If the routing makes sense, is there a firewall on the way that doesnt allow us to reach B from A? Can we instead reach A from B? If not, we've found the problem.

I would strongly reccomend drawing your network layout (or at least the route you are trying to debug) in a flowchart tool (diagrams.net being a good option), as it is extremely hard to keep track of everything otherwise.

[–] [email protected] 0 points 8 months ago (1 children)

Ok, it's definitely an issue with the firewall not sending traffic from itself to LAN. It's weird, it's passing traffic, but it cannot ping or access anything on the LAN including things on the 99 VLAN (so it's local VLAN). The DNS requests are for sure failing from the firewall...but they work fine for the rest of the LAN. Any client can get a DNS response from the DNS server on the 2 VLAN, and can access the resulting site.

For now, I'm just excluding the wireguard thing, I think it's a distraction to the problem that the firewall has some sort of bad routing going on.

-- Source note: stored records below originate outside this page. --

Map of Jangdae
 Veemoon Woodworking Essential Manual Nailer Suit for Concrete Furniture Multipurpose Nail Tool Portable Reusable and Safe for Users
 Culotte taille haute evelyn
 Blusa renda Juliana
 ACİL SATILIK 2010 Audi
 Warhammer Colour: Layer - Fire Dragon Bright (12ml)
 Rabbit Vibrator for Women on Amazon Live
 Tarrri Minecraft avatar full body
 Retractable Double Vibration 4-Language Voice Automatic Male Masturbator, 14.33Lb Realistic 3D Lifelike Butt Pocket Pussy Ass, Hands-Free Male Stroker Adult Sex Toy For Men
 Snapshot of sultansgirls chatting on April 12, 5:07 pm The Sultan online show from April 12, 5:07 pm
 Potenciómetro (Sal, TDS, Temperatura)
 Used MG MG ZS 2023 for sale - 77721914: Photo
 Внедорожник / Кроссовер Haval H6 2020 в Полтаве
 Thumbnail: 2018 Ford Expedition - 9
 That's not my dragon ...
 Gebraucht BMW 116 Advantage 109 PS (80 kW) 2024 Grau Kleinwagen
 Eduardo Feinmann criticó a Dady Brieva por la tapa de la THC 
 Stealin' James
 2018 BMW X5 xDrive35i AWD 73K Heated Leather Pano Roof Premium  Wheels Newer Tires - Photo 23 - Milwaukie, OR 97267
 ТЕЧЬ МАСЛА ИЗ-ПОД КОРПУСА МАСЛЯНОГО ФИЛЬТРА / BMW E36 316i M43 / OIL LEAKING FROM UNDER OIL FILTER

I have a diagram, but at this point it's pretty local to the firewall itself and I think it's around the gateway/route configuration. I got some advice on the opnsense forum that my static routes are wrong; they say to make a single static route of 10.0.0.0/8 instead of one for each VLAN, turn off "upstream gateway" on the LAN GW (which when I do that I lose all WAN connectivity...which is a concern but I can revert). When I do the cli configuration, and I assign an IP for LAN, it asks if I want to put a gateway; it kind of says "it should be yes for wan, but no for LAN" but if I do no, I can't access the internet from any clients, and if I do yes, it ticks "upstream gateway" on the lan gateway. Something is awry, but I'm gonna try again after making some static route changes.